[[ Materials provided open ]]
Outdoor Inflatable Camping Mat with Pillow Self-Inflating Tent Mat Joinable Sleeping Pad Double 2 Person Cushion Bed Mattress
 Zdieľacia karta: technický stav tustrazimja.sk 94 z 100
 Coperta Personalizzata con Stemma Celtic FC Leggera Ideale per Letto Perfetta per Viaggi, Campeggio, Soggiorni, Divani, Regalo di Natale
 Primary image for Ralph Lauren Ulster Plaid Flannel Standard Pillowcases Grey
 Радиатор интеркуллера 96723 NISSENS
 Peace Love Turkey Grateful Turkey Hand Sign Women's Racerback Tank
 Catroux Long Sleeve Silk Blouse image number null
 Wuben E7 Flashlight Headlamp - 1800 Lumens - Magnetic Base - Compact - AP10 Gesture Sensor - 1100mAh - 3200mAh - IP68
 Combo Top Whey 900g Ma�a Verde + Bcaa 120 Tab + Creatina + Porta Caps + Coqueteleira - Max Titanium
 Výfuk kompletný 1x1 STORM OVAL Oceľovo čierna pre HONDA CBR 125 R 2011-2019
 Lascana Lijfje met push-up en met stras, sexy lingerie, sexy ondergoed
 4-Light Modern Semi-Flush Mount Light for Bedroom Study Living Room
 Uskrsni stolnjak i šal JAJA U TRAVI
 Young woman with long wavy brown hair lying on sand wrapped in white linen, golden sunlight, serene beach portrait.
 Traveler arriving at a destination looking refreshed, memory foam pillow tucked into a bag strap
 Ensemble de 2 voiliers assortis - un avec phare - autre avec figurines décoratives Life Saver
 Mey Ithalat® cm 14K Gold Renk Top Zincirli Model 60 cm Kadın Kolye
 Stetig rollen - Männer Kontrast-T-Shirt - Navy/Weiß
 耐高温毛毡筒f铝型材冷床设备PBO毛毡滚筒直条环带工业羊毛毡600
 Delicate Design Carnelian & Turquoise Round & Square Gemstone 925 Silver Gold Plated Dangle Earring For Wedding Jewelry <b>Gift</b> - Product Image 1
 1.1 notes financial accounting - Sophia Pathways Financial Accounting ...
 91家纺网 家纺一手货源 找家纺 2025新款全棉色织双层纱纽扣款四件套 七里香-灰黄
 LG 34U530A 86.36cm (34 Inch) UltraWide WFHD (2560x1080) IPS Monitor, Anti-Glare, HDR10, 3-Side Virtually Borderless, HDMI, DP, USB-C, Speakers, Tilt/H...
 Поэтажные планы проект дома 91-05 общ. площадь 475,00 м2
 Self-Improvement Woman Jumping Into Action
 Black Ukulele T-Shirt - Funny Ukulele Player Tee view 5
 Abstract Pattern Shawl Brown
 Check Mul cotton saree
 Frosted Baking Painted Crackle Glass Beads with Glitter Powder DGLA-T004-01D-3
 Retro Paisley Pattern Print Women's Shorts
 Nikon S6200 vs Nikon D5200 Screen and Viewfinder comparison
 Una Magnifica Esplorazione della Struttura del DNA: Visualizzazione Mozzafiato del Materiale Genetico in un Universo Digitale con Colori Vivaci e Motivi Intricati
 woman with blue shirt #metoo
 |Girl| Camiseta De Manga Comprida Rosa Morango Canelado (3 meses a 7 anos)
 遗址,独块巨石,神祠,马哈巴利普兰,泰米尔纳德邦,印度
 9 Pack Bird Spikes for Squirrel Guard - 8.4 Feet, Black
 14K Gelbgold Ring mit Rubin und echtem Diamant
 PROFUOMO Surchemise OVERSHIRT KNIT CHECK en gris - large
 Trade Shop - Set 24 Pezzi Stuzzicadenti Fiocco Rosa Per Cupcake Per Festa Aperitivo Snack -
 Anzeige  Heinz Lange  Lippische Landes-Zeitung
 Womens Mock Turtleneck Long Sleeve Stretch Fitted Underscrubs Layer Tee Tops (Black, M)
[[ Materials provided closed ]]
Problem to solve ::
Every line above that holds "with" should be copied out.

Response for this exercise ::
Outdoor Inflatable Camping Mat with Pillow Self-Inflating Tent Mat Joinable Sleeping Pad Double 2 Person Cushion Bed Mattress
 Young woman with long wavy brown hair lying on sand wrapped in white linen, golden sunlight, serene beach portrait.
 Frosted Baking Painted Crackle Glass Beads with Glitter Powder DGLA-T004-01D-3
 woman with blue shirt #metoo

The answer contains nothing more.